* **Task goal**
Retype, without pictures, the line holding "12/2 葉大根2つ収穫しました #葉大根 #家庭菜園 #収穫祭 #秋野菜" and each line below it through the final line.

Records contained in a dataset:
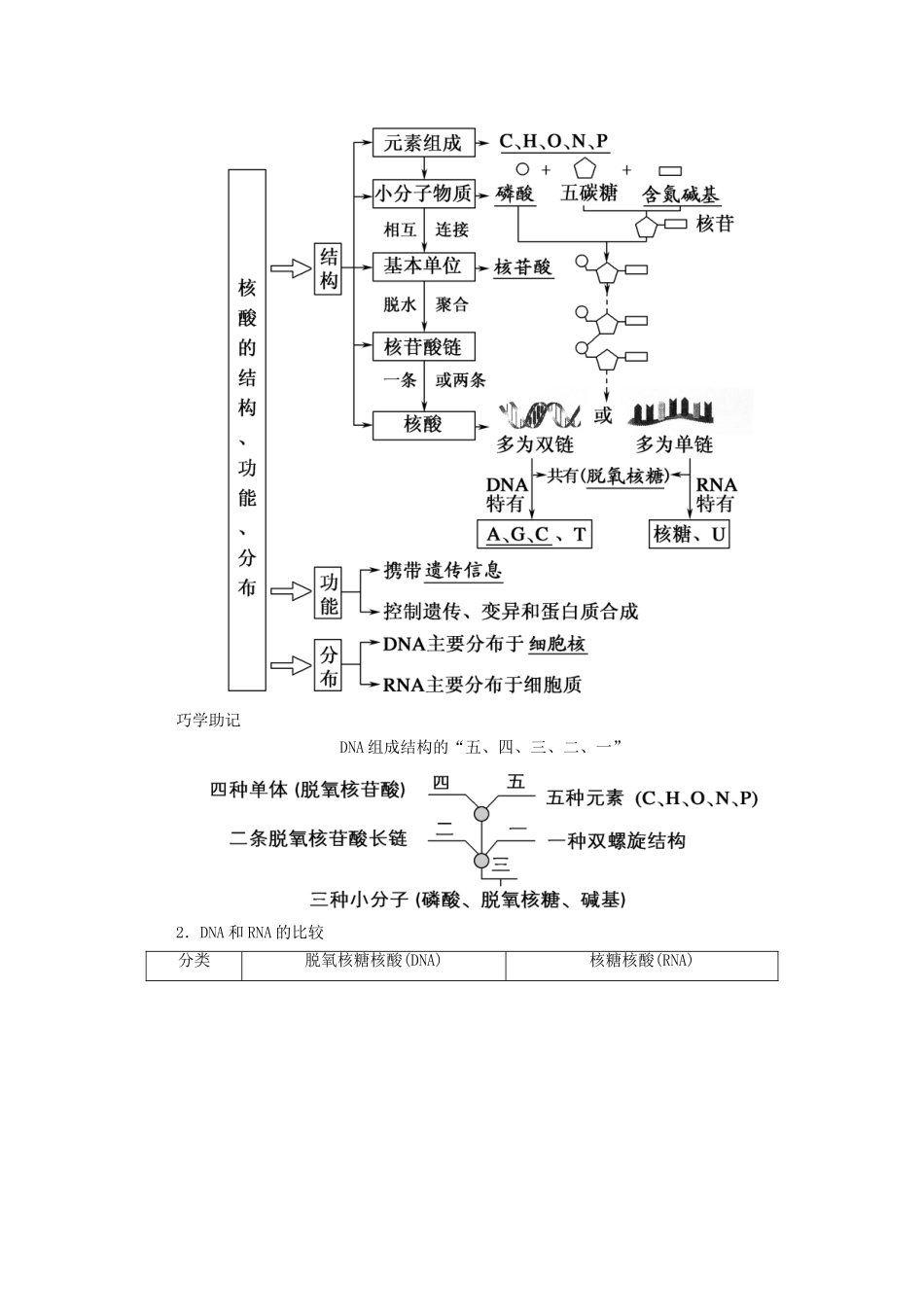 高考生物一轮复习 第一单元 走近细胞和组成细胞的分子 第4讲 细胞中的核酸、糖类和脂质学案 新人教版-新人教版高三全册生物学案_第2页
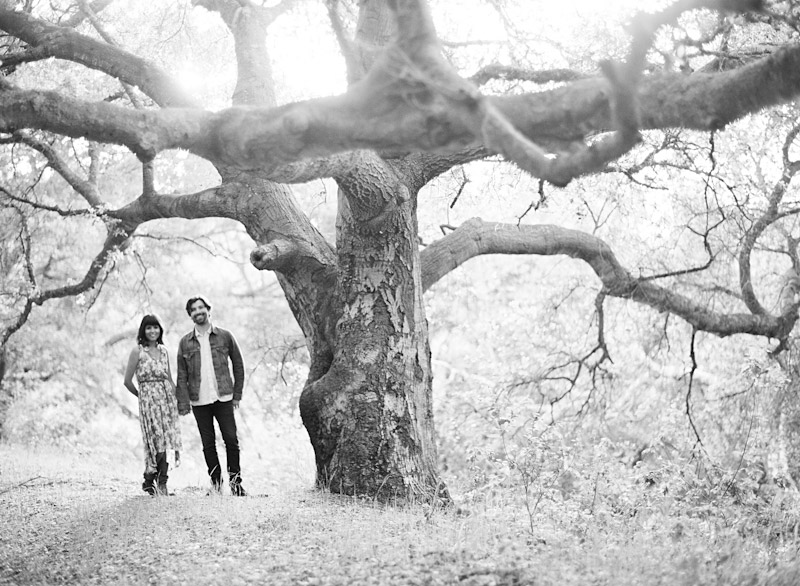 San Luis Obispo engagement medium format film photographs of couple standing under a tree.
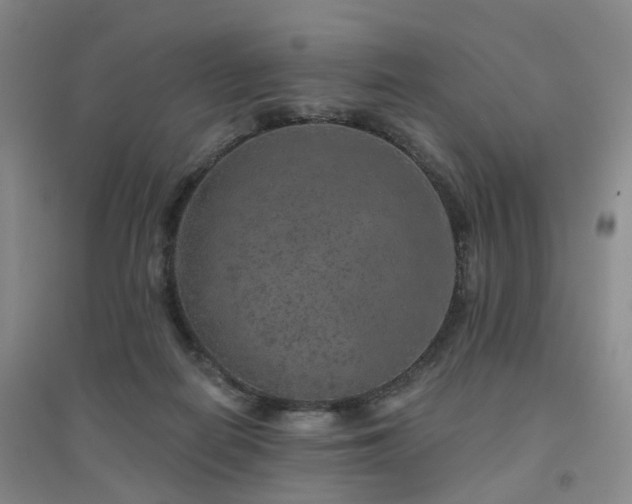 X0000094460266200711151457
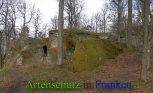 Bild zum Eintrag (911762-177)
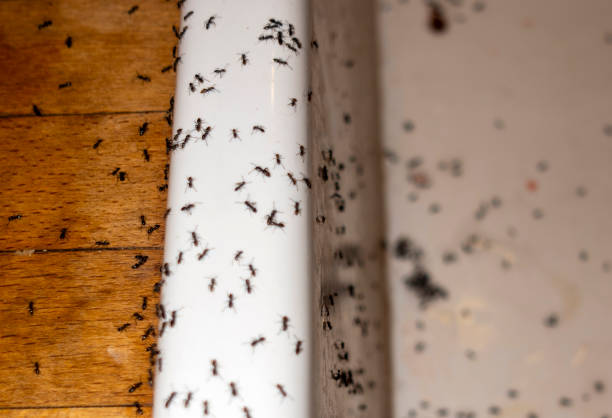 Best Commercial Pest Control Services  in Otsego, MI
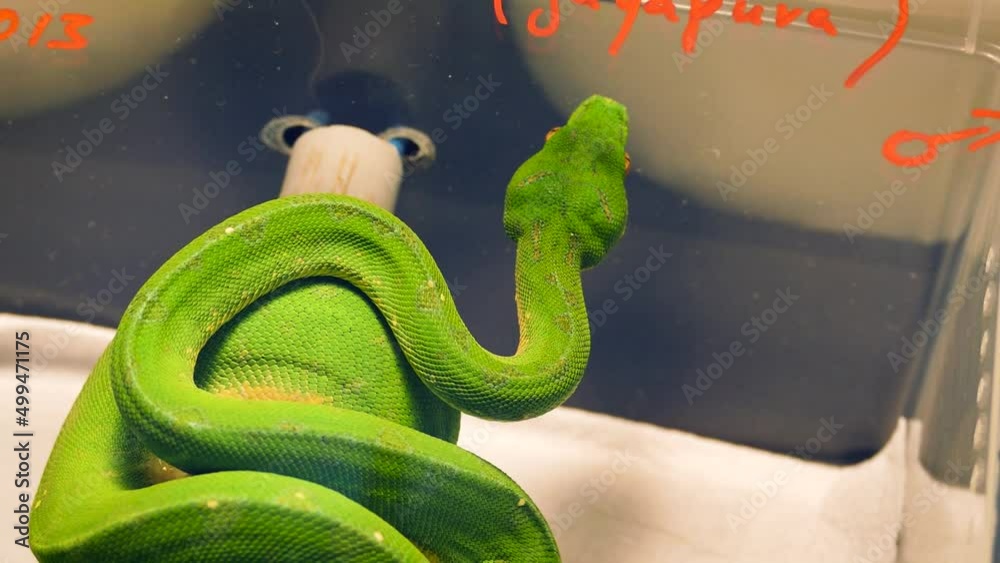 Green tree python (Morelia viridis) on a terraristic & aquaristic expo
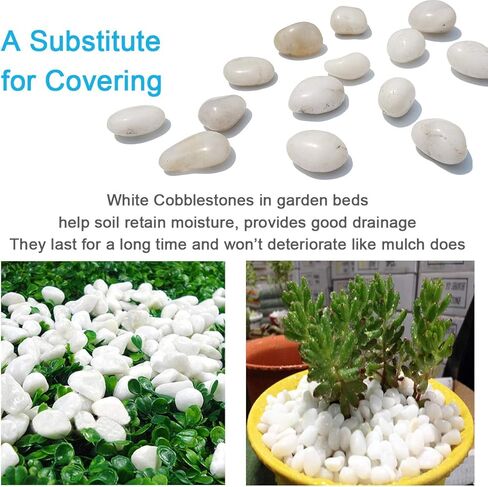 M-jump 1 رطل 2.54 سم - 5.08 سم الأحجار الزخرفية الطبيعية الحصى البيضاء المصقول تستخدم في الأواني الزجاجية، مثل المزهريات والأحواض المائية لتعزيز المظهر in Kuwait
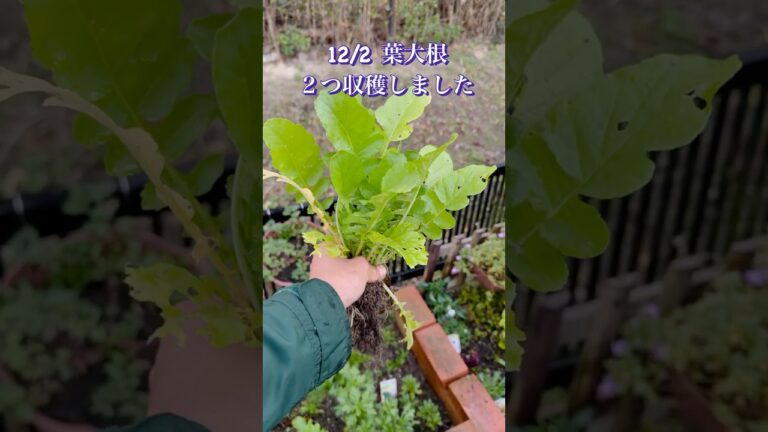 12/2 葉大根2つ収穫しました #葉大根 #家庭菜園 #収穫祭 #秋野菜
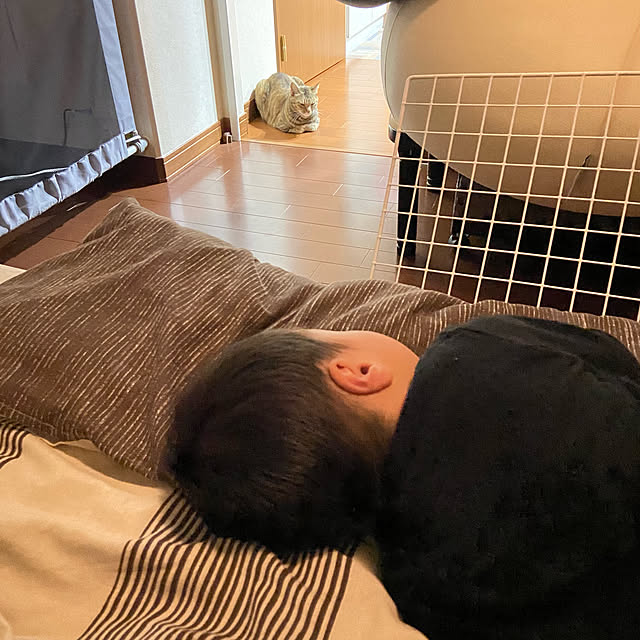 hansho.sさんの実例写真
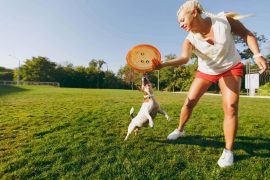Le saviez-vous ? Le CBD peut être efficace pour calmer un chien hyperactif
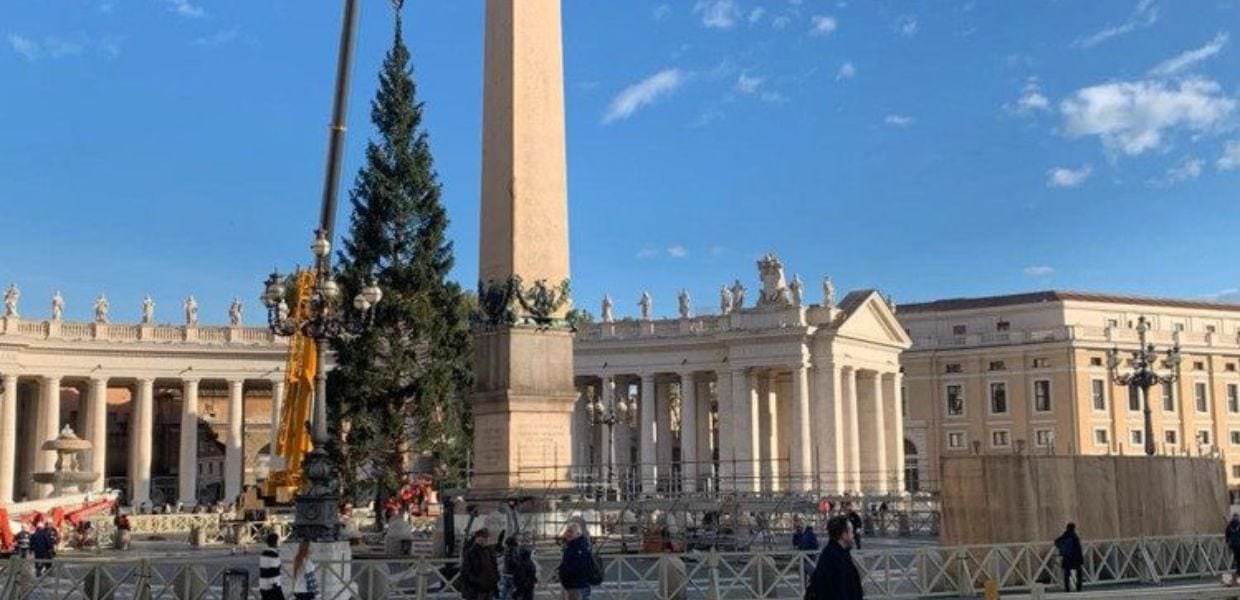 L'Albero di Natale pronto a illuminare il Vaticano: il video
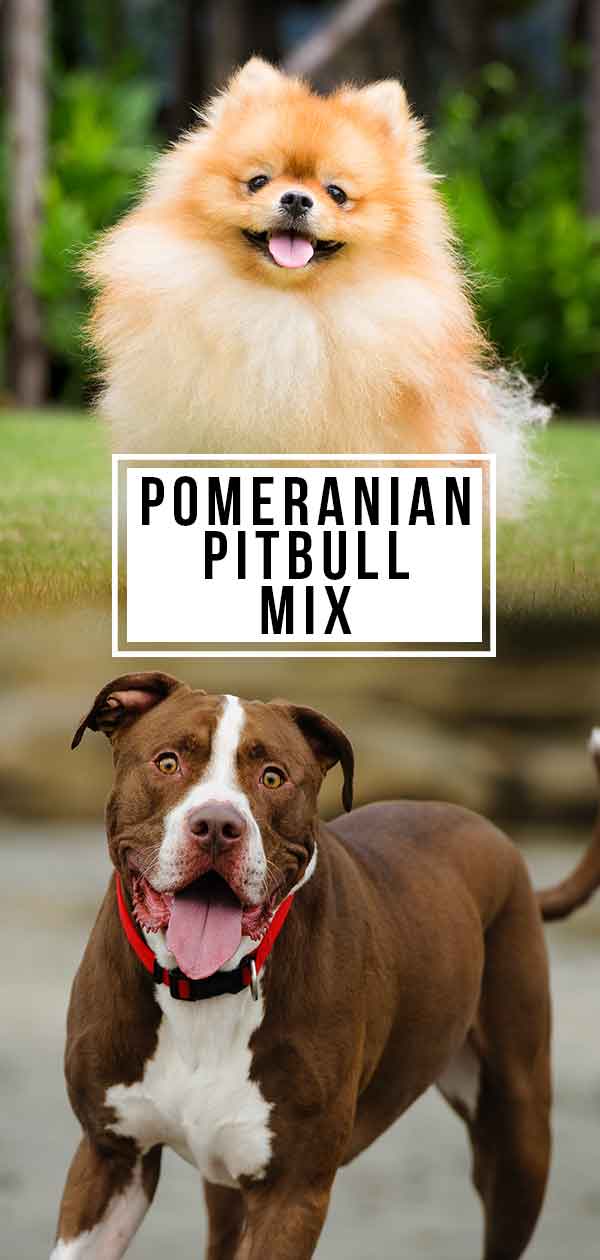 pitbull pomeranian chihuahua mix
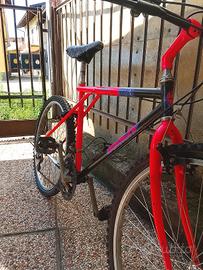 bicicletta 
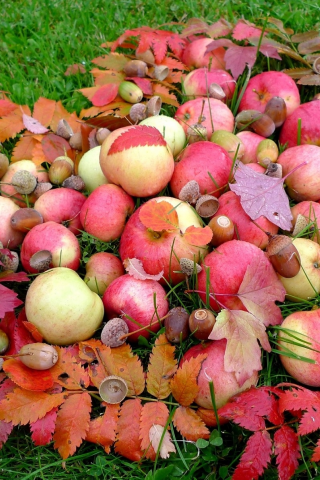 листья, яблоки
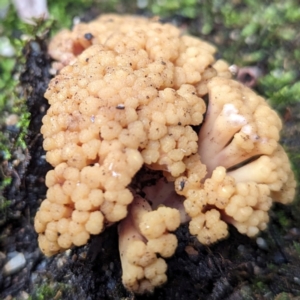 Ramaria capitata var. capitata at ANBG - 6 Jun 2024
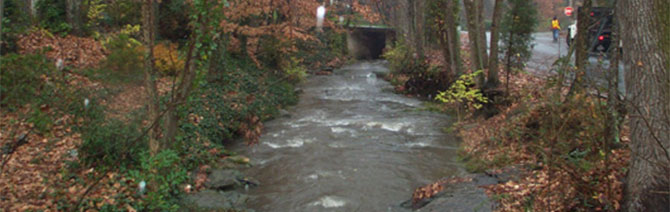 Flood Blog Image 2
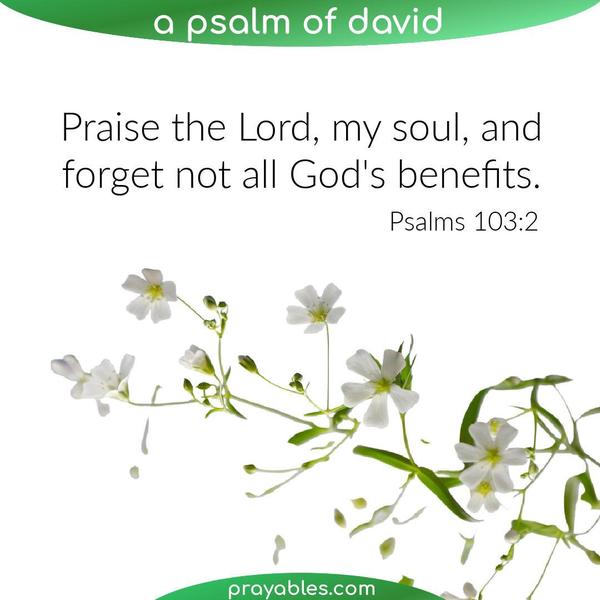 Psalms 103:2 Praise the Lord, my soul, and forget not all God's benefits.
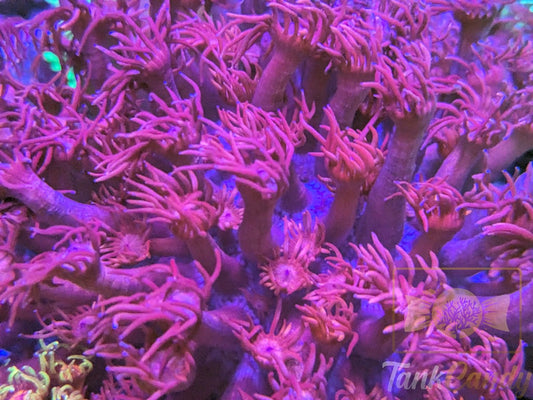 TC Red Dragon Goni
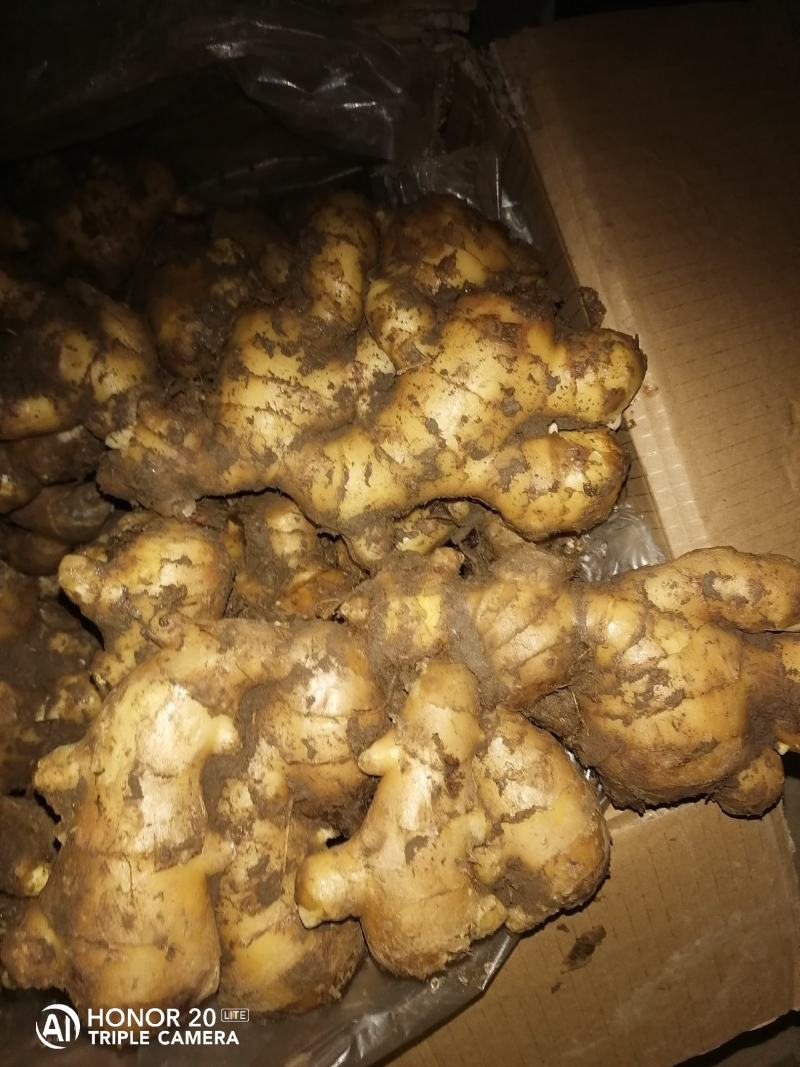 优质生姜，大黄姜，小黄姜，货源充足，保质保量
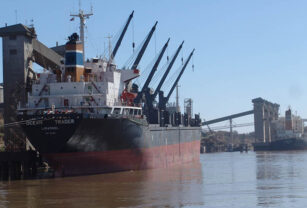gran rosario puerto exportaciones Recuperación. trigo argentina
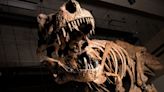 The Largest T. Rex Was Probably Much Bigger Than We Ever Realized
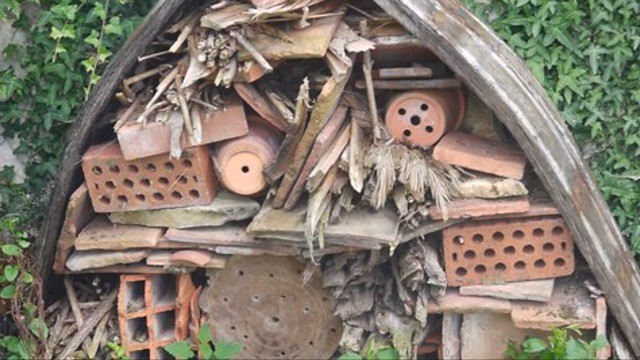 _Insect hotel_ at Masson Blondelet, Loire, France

* **Result of this task**
 12/2 葉大根2つ収穫しました #葉大根 #家庭菜園 #収穫祭 #秋野菜
 hansho.sさんの実例写真
Le saviez-vous ? Le CBD peut être efficace pour calmer un chien hyperactif
 L'Albero di Natale pronto a illuminare il Vaticano: il video
 pitbull pomeranian chihuahua mix
 bicicletta 
 листья, яблоки
 Ramaria capitata var. capitata at ANBG - 6 Jun 2024
 Flood Blog Image 2
 Psalms 103:2 Praise the Lord, my soul, and forget not all God's benefits.
 TC Red Dragon Goni
 优质生姜，大黄姜，小黄姜，货源充足，保质保量
gran rosario puerto exportaciones Recuperación. trigo argentina
 The Largest T. Rex Was Probably Much Bigger Than We Ever Realized
 _Insect hotel_ at Masson Blondelet, Loire, France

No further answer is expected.